Elle a dû malgré son jeune âge, vivre un deuil particulièrement violent, et a été le témoin de la souffrance de sa mère.
Son cadre familial sécurisant s’est effondré, elle a en outre subi un déménagement et les pièces médicales produites établissent que ce drame a perturbé l’ensemble de son équilibre.
Elle devra se construire sans bénéficier de la présence et du soutien de son père.
Compte tenu de ces éléments, il y a lieu de fixer à 40 000 euros la réparation des préjudices subis par l’enfant.

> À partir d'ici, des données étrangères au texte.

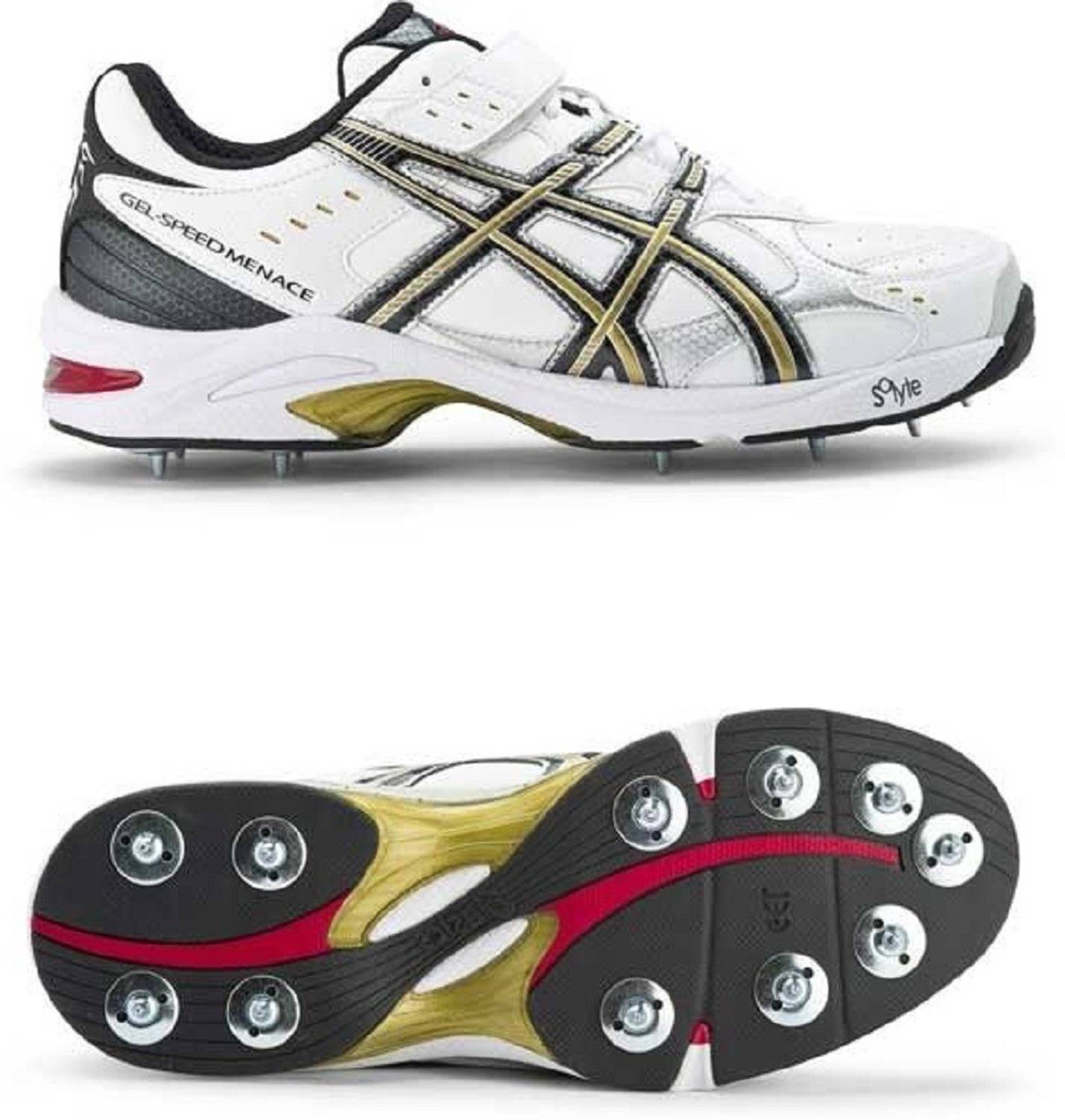 Asics Gel-Speed Menace Sneakers For Men White - Image 4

Sur l’action récursoire de la caisse primaire d’assurance maladie
Si la société [9] justifie avoir formé un pourvoi en cassation à l’encontre de de l’arrêt de la présente cour en date du 18 octobre 2022, ayant dit que dans les rapports caisse/employeur, le caractère professionnel du décès est établi, et que la décision de prise en charge doit lui être déclarée inopposable pour non-respect du principe du contradictoire, il n’y a pas lieu de sursoir à statuer dans la mesure où le pourvoi n’est pas suspensif.
Dès lors, la cour, en application des dispositions de l’article L 452-3-1 du code de la sécurité sociale, déclare opposable à l’employeur la prise en charge par la caisse primaire d’assurance maladie du décès de M. [R] dont le caractère professionnel, dans les rapports entre la caisse et la société [9] a été reconnu par arrêt du 18 octobre 2022.
Dépens
Conformément aux dispositions de l’article 696 du code de procédure civile, la société [9] est condamnée aux entiers dépens.
Demande au titre de l’article 700 du code de procédure civile
Il serait particulièrement inéquitable de laisser à la charge de Mme [R] les frais non compris dans les dépens qu’elle a été contrainte d’exposer pour assurer la défense de ses intérêts et ceux de sa fille mineure.
En conséquence, la société [9] est condamnée à lui verser la somme de 2 500 euros sur le fondement de l’article 700 du code de procédure civile.
PAR CES MOTIFS
La cour, statuant par arrêt rendu par mise à disposition au greffe, contradictoire, en dernier ressort,
Confirme le jugement déféré sauf au titre des indemnisations allouées,
Statuant à nouveau,
Fixe à 60 000 euros la réparation des préjudices subis par Mme [R],
Fixe à 40 000 euros la réparation due à [S] [R],
Dit n’y avoir lieu à surseoir à statuer,
Dit que la caisse primaire d’assurance maladie fera l’avance des charges de l’accident du travail et qu’elle pourra recouvrer ces sommes sur l’employeur,
Condamne la société [9] aux dépens,
La condamne à payer à Mme [R] la somme de 2 500 euros au titre de l’article 700 du code de procédure civile.